Yokohama, la vertenza approda in consiglio

18 Agosto 2020

Dibattito in aula sulla chiusura dello stabilimento: il Comune cerca soluzioni Visita dei politici al presidio degli operai per portare solidarietà alle famiglie

ORTONA . La vertenza Yokohama approda in consiglio comunale. Stamattina in aula si discute dell’azienda della multinazionale giapponese chiusa da qualche settimana lasciando senza lavoro 84 dipendenti. L’ordine del giorno, presentato dai consiglieri comunali di minoranza, prevede una mozione e un dibattito generale sulla crisi occupazionale in atto, con iniziative idonee a scongiurare la definitiva cessazione dell’attività nello stabilimento di contrada Tamarete. «Un delicato e difficile problema», commenta il consigliere di minoranza Peppino Polidori, «un colpo per 84 famiglie e per l’economia ortonese. Ho incontrato i lavoratori ed è evidente quanto sia difficile la trattativa, quanto dolorosa e amara sia la loro situazione». Polidori evidenzia come sia necessario che la città si esprima in modo corale perché «dare forza alle istituzioni ha un valore di impegno civile e legale. Portare il tema in Comune significa renderlo della città tutta e non più del singolo. Significa far sentire alla controparte che Ortona può anche opporsi alla chiusura, al trasferimento di macchinari, cosa che il singolo non può fare». Polidori avverte: «Ora l’autunno è in arrivo la crisi sarà più dura.

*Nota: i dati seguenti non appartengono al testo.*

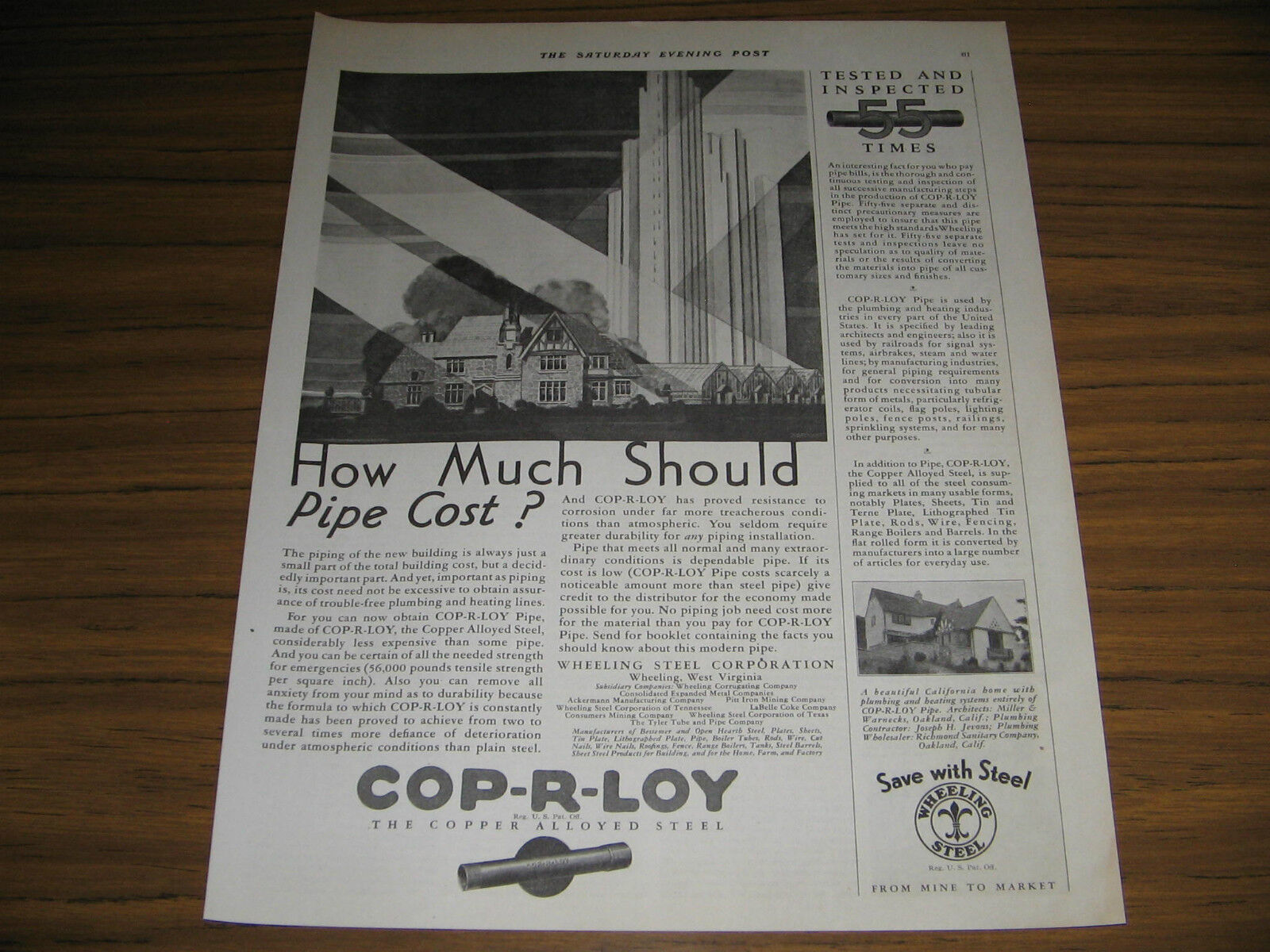 1930 Vintage Ad Cop-R-Loy Copper Alloyed Steel Pipe Wheeling Steel,WV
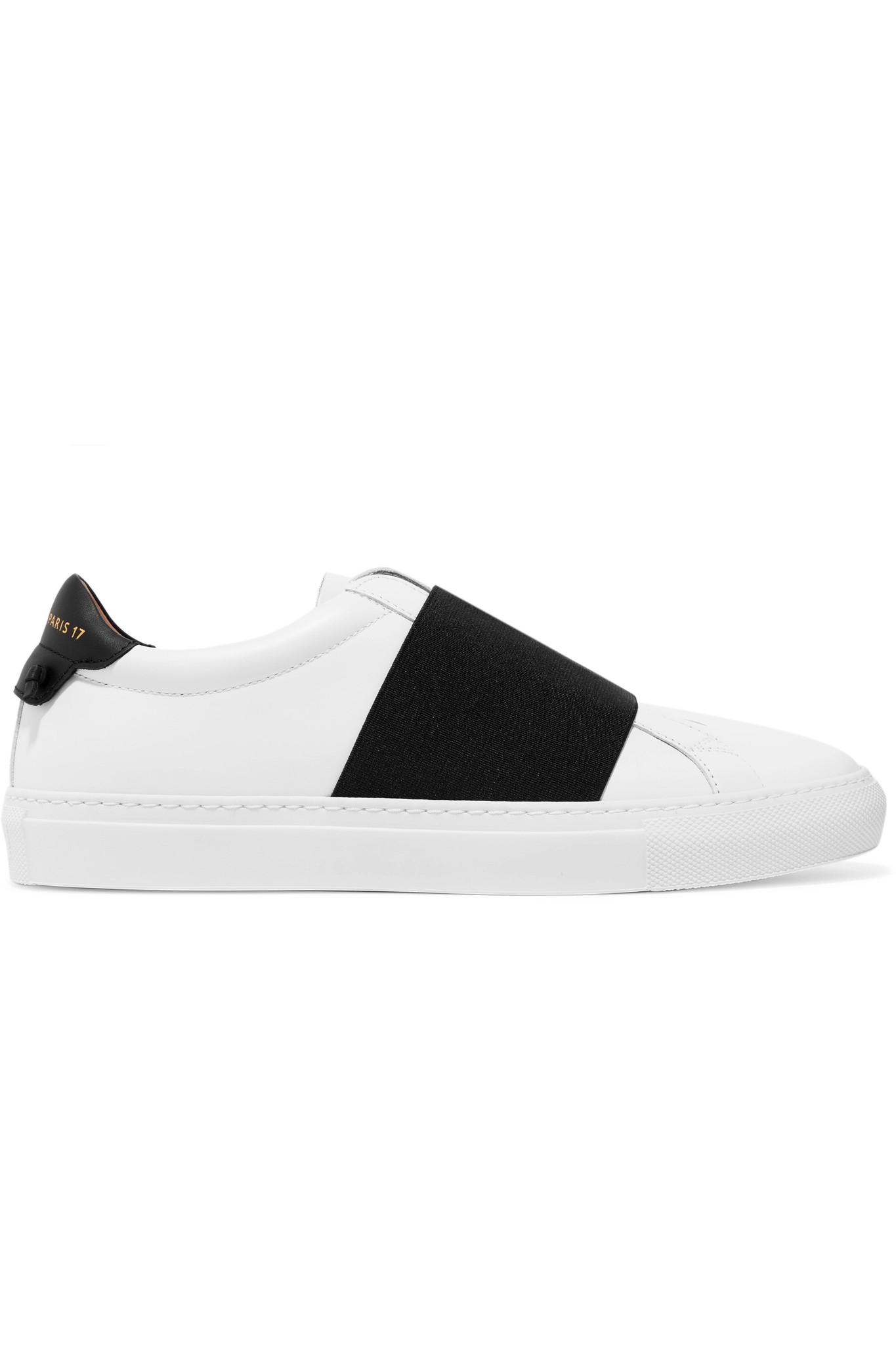 Givenchy Elastic-trimmed Leather Sneakers in White | Lyst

Vedremo domani quali scelte prevarranno».
Intanto nel giorno di Ferragosto il coordinatore regionale di Fratelli d’Italia, Etel Sigismondi, il consigliere comunale Angelo Di Nardo e alcuni dirigenti del coordinamento locale di Fratelli d’Italia Ortona hanno voluto esprimere piena solidarietà ai lavoratori, da giorni in presidio fisso all’esterno della fabbrica in difesa del loro posto di lavoro. «I dipendenti della Yokohama sono oggi un simbolo del momento difficile che l’economia regionale sta vivendo anche, ma non solo, a causa della pandemia», commenta Di Nardo. «Fratelli d’Italia ha voluto perciò, anche in un giorno tradizionalmente considerato di festa, sottolineare l’interesse costante per l’occupazione e il sistema produttivo del territorio: una vicinanza non di maniera, ma concreta, fatta di interventi e proposte». E proprio oggi, in occasione del consiglio comunale, Di Nardo garantisce che «non faremo mancare il nostro impegno».
Anche Giorgio Marchegiano, inoltre, nei giorni scorsi si è recato al presidio per ascoltare i lavoratori che seguiranno con attenzione il consiglio comunale odierno per capire come il Comune si muoverà per la vertenza. Ancor più importante, però, è la data del 2 settembre, quando è in programma l’atteso incontro ministeriale. Nel tavolo al Mise sono riposte le speranze degli 84 lavoratori, che si aggrappano nel vertice romano con proprietà, sindacati e amministratori per arrivare ad una soluzione che possa soddisfare le parti e soprattutto salvaguardare i posti di lavoro.